Pass all of that and the rest of Ranger School is weeks of field exercises where you lead patrols, shoot straight, give first aid, call in artillery, and haul heavy gear over mountains and swamps. Your classmates actually grade your teamwork; if too many say you’re dead weight, you’re gone. Miss any single standard and you either repeat the phase or get sent home – only those who meet every bar earn the Ranger tab.
Specifically:
To make it through U.S. Army Ranger School you first survive “RAP Week,” which screens physical and field essentials. You must score at least
49 push-ups and 59 sit-ups in two minutes each, six strict pull-ups, then run five miles in 40 minutes or less. That same week you complete a
35-foot tower jump and 15-meter swim in full kit, finish two tough obstacle courses, navigate day-and-night land-nav lanes (find 4 of 5 points in about five hours), and
ruck-march 12 miles with a 35-lb pack and weapon inside three hours.
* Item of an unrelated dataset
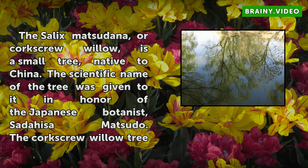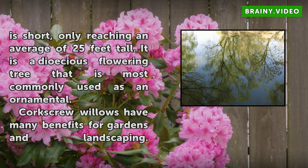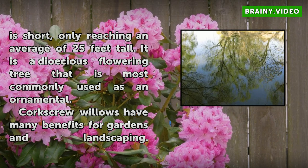The scientific name of the tree was given to it in honor of the Japanese botanist Sadahisa Matsudo. The Corkscrew Willow Tree is short, only reaching an average of 25 feet tall. It is a deciduous flowering tree that is most commonly used as an ornamental.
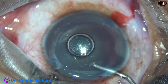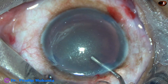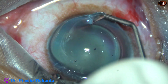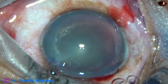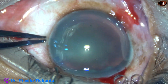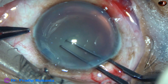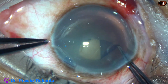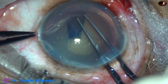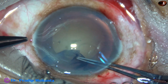Now this is 2% HPMC filling up the anterior chamber, and it is applied over the cornea for better visibility. Now I am going to use a utrata forceps for capsular access. The utrata forceps goes in, the anterior capsule is torn, and a capsular tag is raised. This capsular tag is guided anticlockwise to do a continuous curvilinear capsulorrhexis.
Fail any single event and you’re dropped or recycled.
If you pass RAP Week, the course shifts to field competence: weapons qual (M4, M249, M240), first-aid and call-for-fire lanes, and constant graded patrol leadership. Throughout the three phases (Darby, Mountain, Florida) you must keep a
60 percent peer-evaluation average; fall below and you’re out. Add airborne qualification, clean medical, security clearance paperwork, and you have the full checklist—meet every standard, every time, or go home without the Tab.